[Short descriptive text snippets]
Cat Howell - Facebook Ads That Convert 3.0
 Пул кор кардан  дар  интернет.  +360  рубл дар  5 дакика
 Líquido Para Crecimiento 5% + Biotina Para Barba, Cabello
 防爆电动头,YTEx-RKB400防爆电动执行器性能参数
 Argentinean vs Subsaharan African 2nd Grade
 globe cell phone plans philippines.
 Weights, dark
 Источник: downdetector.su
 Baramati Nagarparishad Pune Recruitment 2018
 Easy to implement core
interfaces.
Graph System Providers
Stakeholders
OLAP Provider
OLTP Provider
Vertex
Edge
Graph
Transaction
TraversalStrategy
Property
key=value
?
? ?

**What to work on**
Only these are to be transcribed: the line with "Argentinean vs Subsaharan African 2nd Grade" and every line after it through the last line of the entries, each exactly.

**Task response**
 Argentinean vs Subsaharan African 2nd Grade
 globe cell phone plans philippines.
 Weights, dark
 Источник: downdetector.su
 Baramati Nagarparishad Pune Recruitment 2018
 Easy to implement core
interfaces.
Graph System Providers
Stakeholders
OLAP Provider
OLTP Provider
Vertex
Edge
Graph
Transaction
TraversalStrategy
Property
key=value
?
? ?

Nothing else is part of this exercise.